__Prompt__. Set down the line that has "White Black Dusty" and each line beneath it, through the last line of the entries, exactly and with no others.

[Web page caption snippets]
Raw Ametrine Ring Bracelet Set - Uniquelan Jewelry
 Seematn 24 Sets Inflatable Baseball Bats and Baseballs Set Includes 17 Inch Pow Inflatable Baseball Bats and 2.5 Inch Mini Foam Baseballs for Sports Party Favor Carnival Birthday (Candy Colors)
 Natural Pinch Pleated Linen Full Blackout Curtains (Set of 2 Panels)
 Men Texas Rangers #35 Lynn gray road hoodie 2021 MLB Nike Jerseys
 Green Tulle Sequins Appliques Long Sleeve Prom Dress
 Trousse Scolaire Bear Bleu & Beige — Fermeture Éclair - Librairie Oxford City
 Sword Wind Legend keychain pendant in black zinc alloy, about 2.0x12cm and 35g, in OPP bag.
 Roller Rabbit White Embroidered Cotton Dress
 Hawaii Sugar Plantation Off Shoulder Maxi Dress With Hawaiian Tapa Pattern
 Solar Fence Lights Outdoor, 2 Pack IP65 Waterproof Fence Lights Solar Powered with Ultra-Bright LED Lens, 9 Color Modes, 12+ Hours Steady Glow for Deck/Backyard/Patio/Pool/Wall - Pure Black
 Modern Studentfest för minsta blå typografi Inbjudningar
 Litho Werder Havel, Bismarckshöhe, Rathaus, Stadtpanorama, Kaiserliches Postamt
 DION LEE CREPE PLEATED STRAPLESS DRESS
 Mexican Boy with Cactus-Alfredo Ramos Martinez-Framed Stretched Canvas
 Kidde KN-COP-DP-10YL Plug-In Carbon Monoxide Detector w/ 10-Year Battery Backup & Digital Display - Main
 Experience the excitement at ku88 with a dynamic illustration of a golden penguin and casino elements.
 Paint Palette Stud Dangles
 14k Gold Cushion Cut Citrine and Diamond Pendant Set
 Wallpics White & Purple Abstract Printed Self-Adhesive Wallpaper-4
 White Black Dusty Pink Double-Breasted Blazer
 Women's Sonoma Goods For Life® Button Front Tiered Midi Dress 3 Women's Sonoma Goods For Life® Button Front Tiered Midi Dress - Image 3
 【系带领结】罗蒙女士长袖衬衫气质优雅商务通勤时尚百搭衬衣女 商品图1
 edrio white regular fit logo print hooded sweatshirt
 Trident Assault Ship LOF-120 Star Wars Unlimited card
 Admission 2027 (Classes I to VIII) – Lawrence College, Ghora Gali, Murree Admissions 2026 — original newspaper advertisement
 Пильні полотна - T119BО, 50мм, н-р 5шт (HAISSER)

__Exercise output__.
 White Black Dusty Pink Double-Breasted Blazer
 Women's Sonoma Goods For Life® Button Front Tiered Midi Dress 3 Women's Sonoma Goods For Life® Button Front Tiered Midi Dress - Image 3
 【系带领结】罗蒙女士长袖衬衫气质优雅商务通勤时尚百搭衬衣女 商品图1
 edrio white regular fit logo print hooded sweatshirt
 Trident Assault Ship LOF-120 Star Wars Unlimited card
 Admission 2027 (Classes I to VIII) – Lawrence College, Ghora Gali, Murree Admissions 2026 — original newspaper advertisement
 Пильні полотна - T119BО, 50мм, н-р 5шт (HAISSER)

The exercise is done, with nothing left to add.